TMS: Trajectory-Mixed Supervision for Reward-Free, On-Policy SFT
This addresses the problem of catastrophic forgetting in SFT for LLM practitioners, offering a more efficient alternative to RL, though it is incremental as it builds on existing SFT and RL paradigms.
The paper tackles the trade-off between reinforcement learning (RL) and supervised fine-tuning (SFT) for large language models by introducing Trajectory-Mixed Supervision (TMS), a reward-free framework that approximates on-policy benefits to reduce catastrophic forgetting, resulting in improved accuracy-retention performance on benchmarks like MATH and GSM8K.

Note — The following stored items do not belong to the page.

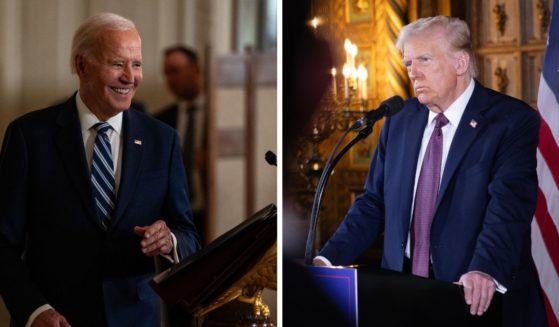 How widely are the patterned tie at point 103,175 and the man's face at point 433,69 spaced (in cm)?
114

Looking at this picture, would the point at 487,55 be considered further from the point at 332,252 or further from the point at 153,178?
the point at 153,178

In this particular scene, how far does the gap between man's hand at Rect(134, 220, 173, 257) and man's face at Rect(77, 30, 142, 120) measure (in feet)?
Answer: 1.45

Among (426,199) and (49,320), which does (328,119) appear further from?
(49,320)

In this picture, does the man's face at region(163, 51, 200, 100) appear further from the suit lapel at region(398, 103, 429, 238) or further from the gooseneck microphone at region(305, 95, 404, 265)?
the suit lapel at region(398, 103, 429, 238)

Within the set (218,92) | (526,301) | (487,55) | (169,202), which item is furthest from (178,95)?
(526,301)

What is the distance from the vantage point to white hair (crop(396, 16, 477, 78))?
291 cm

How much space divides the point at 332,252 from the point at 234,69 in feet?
2.65

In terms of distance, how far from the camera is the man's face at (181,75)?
3.17m

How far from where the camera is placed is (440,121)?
301 centimetres

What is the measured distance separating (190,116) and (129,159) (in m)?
0.29

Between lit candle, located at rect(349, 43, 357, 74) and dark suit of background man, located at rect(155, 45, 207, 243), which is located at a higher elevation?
lit candle, located at rect(349, 43, 357, 74)

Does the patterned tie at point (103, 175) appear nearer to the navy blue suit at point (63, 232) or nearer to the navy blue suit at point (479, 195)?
the navy blue suit at point (63, 232)

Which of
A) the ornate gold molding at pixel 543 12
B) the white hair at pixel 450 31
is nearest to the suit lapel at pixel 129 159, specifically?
the white hair at pixel 450 31

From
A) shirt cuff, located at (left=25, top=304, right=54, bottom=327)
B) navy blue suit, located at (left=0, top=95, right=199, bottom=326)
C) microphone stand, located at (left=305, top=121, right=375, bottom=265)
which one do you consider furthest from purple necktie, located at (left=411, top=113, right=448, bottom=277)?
shirt cuff, located at (left=25, top=304, right=54, bottom=327) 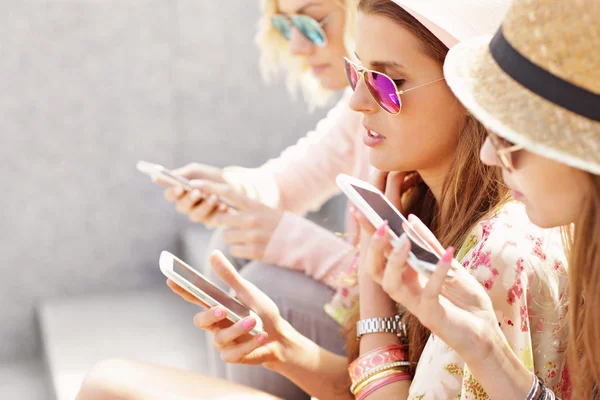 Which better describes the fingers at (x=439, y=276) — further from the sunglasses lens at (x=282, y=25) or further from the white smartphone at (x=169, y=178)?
the sunglasses lens at (x=282, y=25)

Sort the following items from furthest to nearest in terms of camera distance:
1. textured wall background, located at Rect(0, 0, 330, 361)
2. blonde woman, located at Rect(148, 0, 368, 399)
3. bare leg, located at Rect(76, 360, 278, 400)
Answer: textured wall background, located at Rect(0, 0, 330, 361), blonde woman, located at Rect(148, 0, 368, 399), bare leg, located at Rect(76, 360, 278, 400)

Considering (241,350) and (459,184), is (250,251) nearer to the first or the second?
(241,350)

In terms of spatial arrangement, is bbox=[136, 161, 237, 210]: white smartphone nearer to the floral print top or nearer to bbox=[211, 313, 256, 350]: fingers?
bbox=[211, 313, 256, 350]: fingers

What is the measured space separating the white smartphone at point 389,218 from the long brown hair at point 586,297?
16cm

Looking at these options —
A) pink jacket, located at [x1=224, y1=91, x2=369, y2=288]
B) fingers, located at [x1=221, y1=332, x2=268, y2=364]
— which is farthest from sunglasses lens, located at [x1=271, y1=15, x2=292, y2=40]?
fingers, located at [x1=221, y1=332, x2=268, y2=364]

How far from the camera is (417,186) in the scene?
1463 mm

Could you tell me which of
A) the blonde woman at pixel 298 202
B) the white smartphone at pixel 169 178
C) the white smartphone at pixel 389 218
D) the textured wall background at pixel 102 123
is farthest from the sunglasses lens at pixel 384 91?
the textured wall background at pixel 102 123

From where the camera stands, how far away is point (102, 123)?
104 inches

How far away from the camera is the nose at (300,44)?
6.51ft

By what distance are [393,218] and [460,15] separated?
352mm

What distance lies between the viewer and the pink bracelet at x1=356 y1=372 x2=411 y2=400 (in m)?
1.23

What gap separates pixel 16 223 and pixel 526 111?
2.14m

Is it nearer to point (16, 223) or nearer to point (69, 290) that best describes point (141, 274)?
point (69, 290)

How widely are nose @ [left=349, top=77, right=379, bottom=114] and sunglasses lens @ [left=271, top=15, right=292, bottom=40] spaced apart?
78 cm
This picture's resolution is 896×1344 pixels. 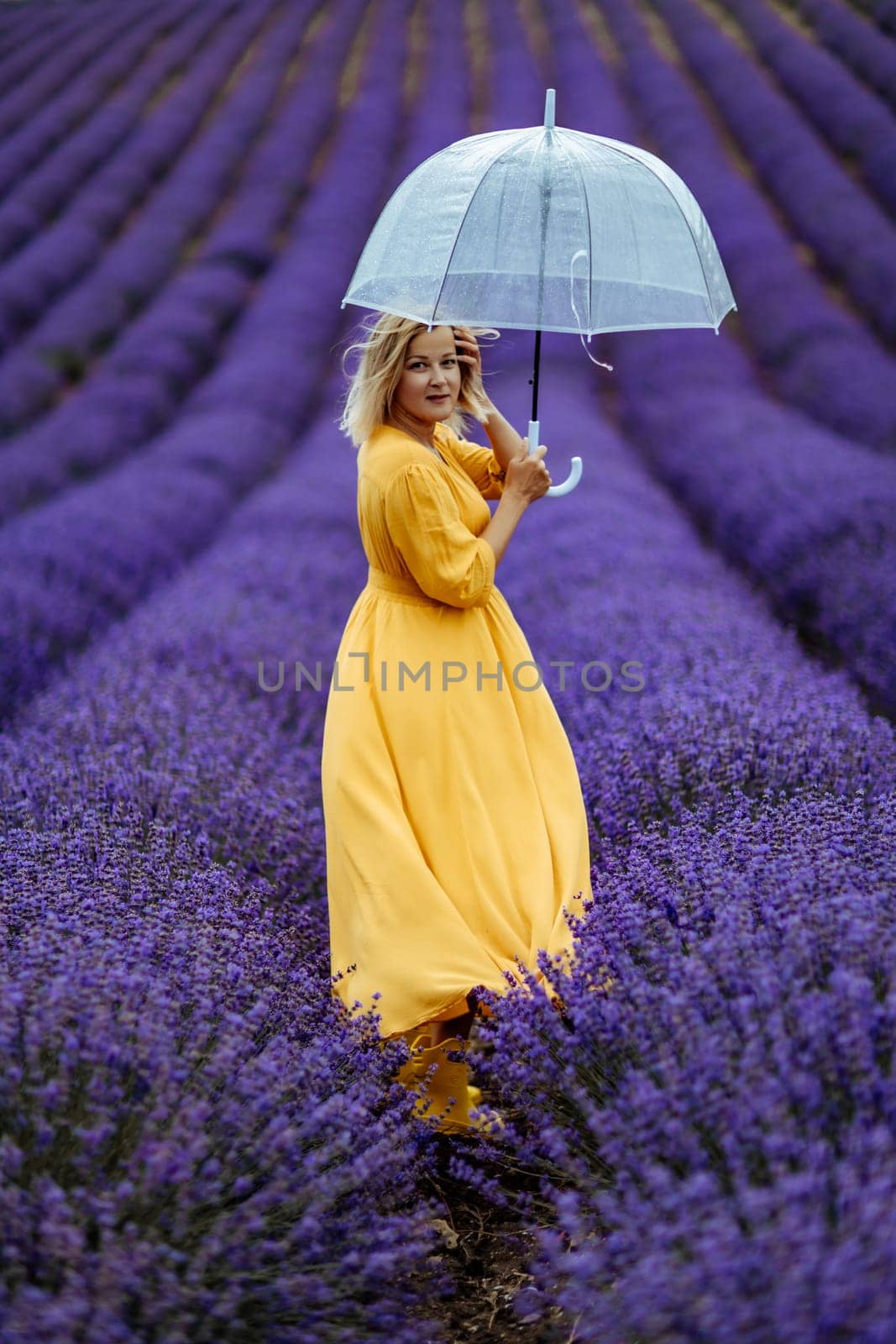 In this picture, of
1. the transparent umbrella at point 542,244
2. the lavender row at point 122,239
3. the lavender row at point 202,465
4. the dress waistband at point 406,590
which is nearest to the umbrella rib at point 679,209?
the transparent umbrella at point 542,244

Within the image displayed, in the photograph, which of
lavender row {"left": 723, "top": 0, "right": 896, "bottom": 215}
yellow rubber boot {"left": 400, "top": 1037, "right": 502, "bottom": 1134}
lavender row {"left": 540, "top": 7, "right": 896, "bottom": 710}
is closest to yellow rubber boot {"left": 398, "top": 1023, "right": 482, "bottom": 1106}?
yellow rubber boot {"left": 400, "top": 1037, "right": 502, "bottom": 1134}

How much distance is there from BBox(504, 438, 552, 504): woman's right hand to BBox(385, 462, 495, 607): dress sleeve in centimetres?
13

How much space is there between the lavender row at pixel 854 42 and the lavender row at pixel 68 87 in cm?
878

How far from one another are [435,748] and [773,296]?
26.5 feet

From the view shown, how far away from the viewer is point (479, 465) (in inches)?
87.9

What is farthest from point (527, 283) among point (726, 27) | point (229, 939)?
point (726, 27)

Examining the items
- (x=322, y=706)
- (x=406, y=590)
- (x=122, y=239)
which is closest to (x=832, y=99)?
(x=122, y=239)

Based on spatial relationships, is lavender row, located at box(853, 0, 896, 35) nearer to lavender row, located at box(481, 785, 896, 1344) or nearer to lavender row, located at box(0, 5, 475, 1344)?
lavender row, located at box(0, 5, 475, 1344)

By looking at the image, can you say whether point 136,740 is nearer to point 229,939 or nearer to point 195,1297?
point 229,939

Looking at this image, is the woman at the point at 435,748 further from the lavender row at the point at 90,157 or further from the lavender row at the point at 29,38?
the lavender row at the point at 29,38

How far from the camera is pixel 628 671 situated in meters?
3.19

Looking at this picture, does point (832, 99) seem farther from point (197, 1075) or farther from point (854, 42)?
point (197, 1075)

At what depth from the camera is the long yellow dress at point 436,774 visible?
195 cm

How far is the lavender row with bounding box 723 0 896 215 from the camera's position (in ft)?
32.4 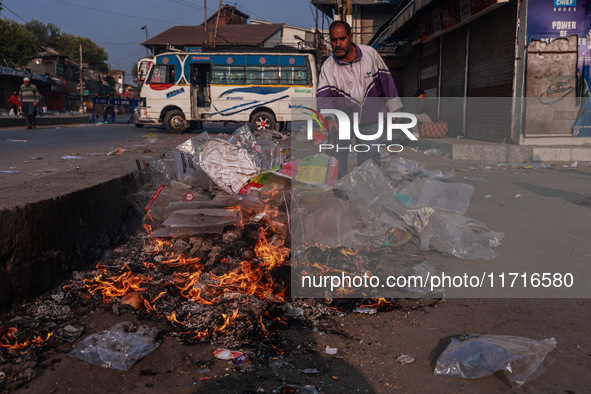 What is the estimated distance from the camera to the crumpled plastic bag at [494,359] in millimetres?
1738

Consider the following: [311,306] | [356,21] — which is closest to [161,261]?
[311,306]

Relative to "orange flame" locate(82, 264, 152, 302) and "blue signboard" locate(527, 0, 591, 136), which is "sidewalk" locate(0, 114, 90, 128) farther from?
Answer: "orange flame" locate(82, 264, 152, 302)

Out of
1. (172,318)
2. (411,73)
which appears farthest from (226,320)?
(411,73)

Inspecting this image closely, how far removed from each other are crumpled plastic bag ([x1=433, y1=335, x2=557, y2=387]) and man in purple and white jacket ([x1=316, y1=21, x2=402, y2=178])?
107 inches

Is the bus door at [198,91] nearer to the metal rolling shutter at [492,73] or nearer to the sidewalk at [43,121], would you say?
the sidewalk at [43,121]

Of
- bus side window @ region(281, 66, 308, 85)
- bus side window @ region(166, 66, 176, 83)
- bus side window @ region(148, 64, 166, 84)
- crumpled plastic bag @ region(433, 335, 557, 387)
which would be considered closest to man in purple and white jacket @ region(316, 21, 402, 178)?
crumpled plastic bag @ region(433, 335, 557, 387)

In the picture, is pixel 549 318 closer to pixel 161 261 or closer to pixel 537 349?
pixel 537 349

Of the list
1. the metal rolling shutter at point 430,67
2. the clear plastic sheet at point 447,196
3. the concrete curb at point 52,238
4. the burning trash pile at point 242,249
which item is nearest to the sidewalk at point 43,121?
the metal rolling shutter at point 430,67

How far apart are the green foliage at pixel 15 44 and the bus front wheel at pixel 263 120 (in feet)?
108

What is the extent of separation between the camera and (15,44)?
39.5 m

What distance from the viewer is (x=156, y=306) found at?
2.36 m

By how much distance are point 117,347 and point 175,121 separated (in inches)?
596

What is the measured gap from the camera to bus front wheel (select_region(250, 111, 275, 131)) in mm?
15758

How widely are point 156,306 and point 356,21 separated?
27934 millimetres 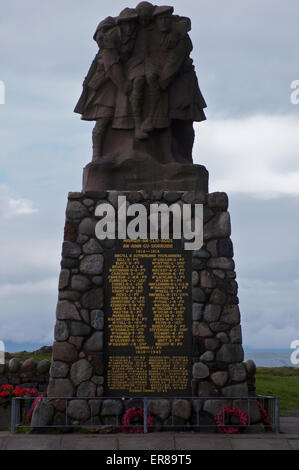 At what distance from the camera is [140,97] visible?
1145 cm

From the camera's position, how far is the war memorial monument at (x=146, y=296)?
9.77 meters

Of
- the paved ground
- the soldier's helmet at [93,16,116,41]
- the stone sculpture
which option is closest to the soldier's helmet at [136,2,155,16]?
the stone sculpture

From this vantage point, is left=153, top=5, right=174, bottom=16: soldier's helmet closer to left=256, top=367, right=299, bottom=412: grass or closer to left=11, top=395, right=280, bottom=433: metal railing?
left=11, top=395, right=280, bottom=433: metal railing

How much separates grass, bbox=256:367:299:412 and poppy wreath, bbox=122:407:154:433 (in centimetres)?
568

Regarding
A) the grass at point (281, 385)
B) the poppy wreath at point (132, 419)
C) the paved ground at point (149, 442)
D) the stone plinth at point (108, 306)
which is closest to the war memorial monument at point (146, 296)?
the stone plinth at point (108, 306)

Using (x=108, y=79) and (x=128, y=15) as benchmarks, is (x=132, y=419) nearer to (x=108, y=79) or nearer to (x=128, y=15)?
(x=108, y=79)

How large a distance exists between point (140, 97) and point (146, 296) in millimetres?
3714

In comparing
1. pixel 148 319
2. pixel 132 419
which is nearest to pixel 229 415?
pixel 132 419

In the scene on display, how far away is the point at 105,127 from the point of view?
11.8m

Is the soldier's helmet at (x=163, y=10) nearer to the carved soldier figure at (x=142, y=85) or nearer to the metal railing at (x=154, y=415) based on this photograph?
the carved soldier figure at (x=142, y=85)

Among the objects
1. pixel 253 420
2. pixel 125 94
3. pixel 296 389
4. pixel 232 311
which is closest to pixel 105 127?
pixel 125 94

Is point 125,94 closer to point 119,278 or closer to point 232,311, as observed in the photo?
point 119,278

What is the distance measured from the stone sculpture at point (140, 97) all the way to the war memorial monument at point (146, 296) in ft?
0.13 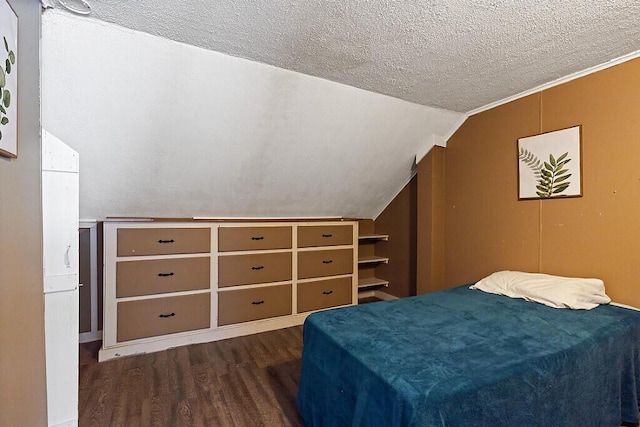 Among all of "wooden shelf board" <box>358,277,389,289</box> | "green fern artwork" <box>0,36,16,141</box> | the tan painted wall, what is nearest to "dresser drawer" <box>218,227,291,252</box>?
"wooden shelf board" <box>358,277,389,289</box>

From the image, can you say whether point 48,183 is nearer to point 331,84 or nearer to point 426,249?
point 331,84

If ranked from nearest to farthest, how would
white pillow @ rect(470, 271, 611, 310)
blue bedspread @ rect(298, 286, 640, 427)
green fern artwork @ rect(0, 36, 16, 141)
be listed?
green fern artwork @ rect(0, 36, 16, 141) < blue bedspread @ rect(298, 286, 640, 427) < white pillow @ rect(470, 271, 611, 310)

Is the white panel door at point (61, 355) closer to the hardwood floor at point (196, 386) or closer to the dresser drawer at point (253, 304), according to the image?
the hardwood floor at point (196, 386)

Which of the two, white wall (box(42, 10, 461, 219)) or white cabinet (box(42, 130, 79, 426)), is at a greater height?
white wall (box(42, 10, 461, 219))

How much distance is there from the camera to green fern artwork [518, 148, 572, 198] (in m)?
2.21

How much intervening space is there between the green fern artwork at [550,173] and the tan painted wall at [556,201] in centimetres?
9

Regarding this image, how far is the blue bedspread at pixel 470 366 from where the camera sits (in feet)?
3.56

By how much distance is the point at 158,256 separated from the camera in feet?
8.21

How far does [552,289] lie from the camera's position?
200 centimetres

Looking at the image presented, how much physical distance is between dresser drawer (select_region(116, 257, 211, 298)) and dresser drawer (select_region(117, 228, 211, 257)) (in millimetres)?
80

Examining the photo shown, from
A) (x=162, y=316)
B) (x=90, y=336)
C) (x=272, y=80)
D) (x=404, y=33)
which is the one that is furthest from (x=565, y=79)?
(x=90, y=336)

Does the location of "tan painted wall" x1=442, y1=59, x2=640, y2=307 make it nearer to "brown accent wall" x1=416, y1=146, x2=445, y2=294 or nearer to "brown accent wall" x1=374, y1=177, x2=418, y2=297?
"brown accent wall" x1=416, y1=146, x2=445, y2=294

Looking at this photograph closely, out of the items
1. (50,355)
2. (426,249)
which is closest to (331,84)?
(426,249)

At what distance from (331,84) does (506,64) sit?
1.17m
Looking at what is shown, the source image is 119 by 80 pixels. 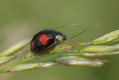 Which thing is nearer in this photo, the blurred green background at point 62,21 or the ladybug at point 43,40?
the ladybug at point 43,40

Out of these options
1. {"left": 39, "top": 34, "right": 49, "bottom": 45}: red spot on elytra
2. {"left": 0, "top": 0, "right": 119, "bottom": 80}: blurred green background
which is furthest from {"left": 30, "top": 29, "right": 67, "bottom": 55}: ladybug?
{"left": 0, "top": 0, "right": 119, "bottom": 80}: blurred green background

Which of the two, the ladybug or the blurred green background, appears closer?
the ladybug

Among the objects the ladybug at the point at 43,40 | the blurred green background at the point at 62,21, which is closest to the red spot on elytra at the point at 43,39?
the ladybug at the point at 43,40

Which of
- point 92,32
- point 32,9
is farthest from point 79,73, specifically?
point 32,9

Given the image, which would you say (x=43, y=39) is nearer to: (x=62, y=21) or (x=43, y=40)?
(x=43, y=40)

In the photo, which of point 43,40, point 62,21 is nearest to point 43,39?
point 43,40

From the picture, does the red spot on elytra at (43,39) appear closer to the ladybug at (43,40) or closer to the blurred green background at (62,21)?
the ladybug at (43,40)

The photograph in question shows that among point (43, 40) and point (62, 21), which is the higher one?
point (62, 21)

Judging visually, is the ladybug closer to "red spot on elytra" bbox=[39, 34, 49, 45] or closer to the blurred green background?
"red spot on elytra" bbox=[39, 34, 49, 45] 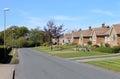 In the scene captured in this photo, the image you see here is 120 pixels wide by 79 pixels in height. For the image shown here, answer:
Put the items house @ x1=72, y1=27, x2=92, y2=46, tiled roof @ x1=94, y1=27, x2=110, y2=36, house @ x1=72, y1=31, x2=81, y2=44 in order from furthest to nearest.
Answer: house @ x1=72, y1=31, x2=81, y2=44 < house @ x1=72, y1=27, x2=92, y2=46 < tiled roof @ x1=94, y1=27, x2=110, y2=36

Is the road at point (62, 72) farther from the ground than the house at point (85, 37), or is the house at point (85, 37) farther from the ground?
the house at point (85, 37)

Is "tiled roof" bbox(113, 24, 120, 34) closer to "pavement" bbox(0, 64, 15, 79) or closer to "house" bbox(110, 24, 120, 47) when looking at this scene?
"house" bbox(110, 24, 120, 47)

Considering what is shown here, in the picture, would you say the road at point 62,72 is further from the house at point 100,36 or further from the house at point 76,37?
the house at point 76,37

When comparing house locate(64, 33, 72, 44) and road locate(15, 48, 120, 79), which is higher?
house locate(64, 33, 72, 44)

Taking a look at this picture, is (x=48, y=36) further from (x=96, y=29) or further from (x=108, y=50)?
(x=108, y=50)

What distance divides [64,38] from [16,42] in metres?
19.6

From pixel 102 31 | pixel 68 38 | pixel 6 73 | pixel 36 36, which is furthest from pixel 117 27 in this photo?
pixel 36 36

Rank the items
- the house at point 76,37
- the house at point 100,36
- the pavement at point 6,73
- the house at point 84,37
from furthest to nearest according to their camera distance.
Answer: the house at point 76,37
the house at point 84,37
the house at point 100,36
the pavement at point 6,73

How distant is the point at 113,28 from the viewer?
67.8 meters

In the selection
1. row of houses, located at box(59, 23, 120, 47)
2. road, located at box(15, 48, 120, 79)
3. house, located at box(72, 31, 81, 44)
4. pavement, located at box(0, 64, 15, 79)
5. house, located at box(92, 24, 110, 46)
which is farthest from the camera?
house, located at box(72, 31, 81, 44)

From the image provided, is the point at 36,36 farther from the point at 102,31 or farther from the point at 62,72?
the point at 62,72

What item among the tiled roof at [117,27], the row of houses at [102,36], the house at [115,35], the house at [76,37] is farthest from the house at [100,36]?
the house at [76,37]

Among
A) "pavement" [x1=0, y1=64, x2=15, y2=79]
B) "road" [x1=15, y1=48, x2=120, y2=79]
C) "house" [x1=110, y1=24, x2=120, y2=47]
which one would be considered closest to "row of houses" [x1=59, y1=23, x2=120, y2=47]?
"house" [x1=110, y1=24, x2=120, y2=47]

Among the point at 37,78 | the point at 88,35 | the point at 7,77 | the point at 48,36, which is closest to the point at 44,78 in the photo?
the point at 37,78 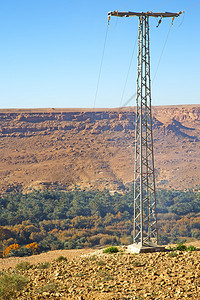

Reinforcement Learning (RL) and Supervised Fine-Tuning (SFT) are the two dominant paradigms for enhancing Large Language Model (LLM) performance on downstream tasks. While RL generally preserves broader model capabilities (retention) better than SFT, it comes with significant costs: complex reward engineering, instability, and expensive on-policy sampling. In contrast, SFT is efficient but brittle, often suffering from catastrophic forgetting due to $\textbf{Supervision Mismatch}$: the divergence between the model's evolving policy and static training labels. We address this trade-off with $\textbf{Trajectory-Mixed Supervision (TMS)}$, a reward-free framework that approximates the on-policy benefits of RL by creating a dynamic curriculum from the model's own historical checkpoints. TMS minimizes $\textit{Policy-Label Divergence (PLD)}$, preventing the mode collapse that drives forgetting in standard SFT. Experiments across reasoning (MATH, GSM8K) and instruction-following benchmarks demonstrate that TMS effectively shifts the accuracy--retention Pareto frontier. While RL remains the gold standard for retention, TMS significantly outperforms standard and iterative SFT, bridging the gap to RL without requiring reward models or verifiers. Mechanistic analysis confirms that PLD drift accurately predicts forgetting and that TMS successfully mitigates this drift.